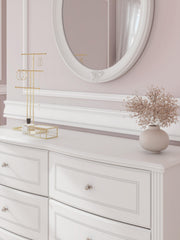 Kozlani Full Upholstered Panel Storage Bed and Dresser in White - PKG023810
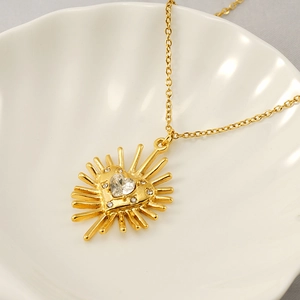 Collier doré avec pendentif cœur rayons de soleil et zircon sur plateau coquillage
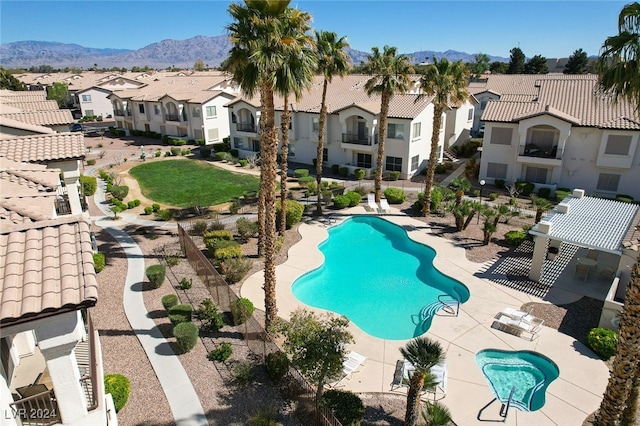 view of pool featuring a patio area and a mountain view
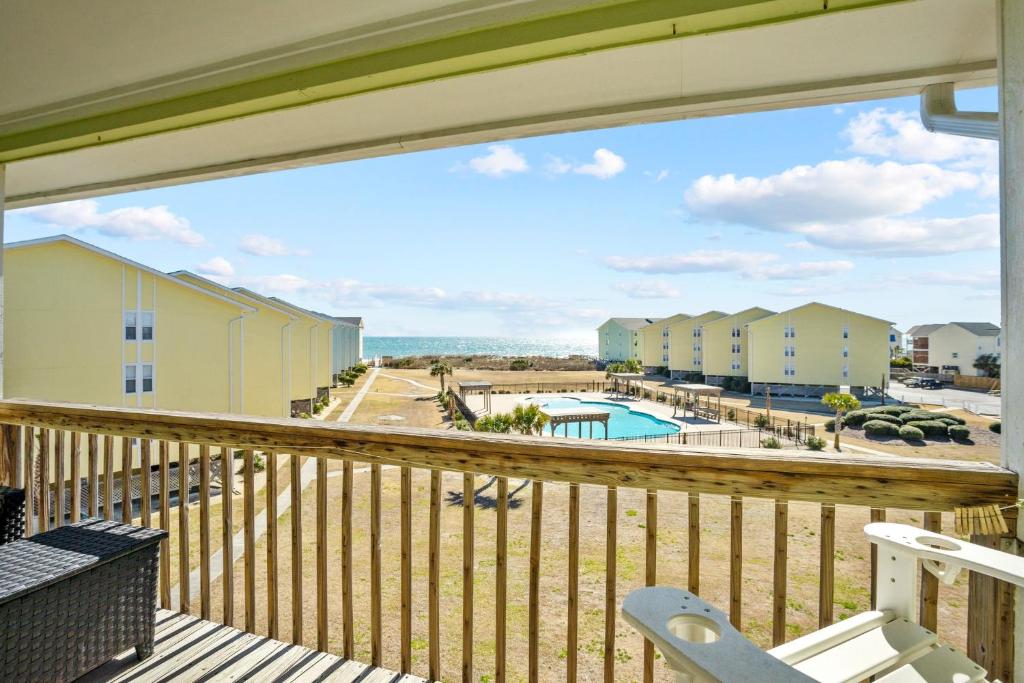 uma varanda com vista para uma piscina e edifícios em OceanScape- Beach, Pool, and Sun near the heart of Surf City! em Surf City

————

WHAT NEEDS TO BE DONE: Repeat word for word only the lines from the line holding "view of pool" to the final line of the material, both included. Don't carry over any picture.

FINISHED EXERCISE:
 view of pool featuring a patio area and a mountain view
 uma varanda com vista para uma piscina e edifícios em OceanScape- Beach, Pool, and Sun near the heart of Surf City! em Surf City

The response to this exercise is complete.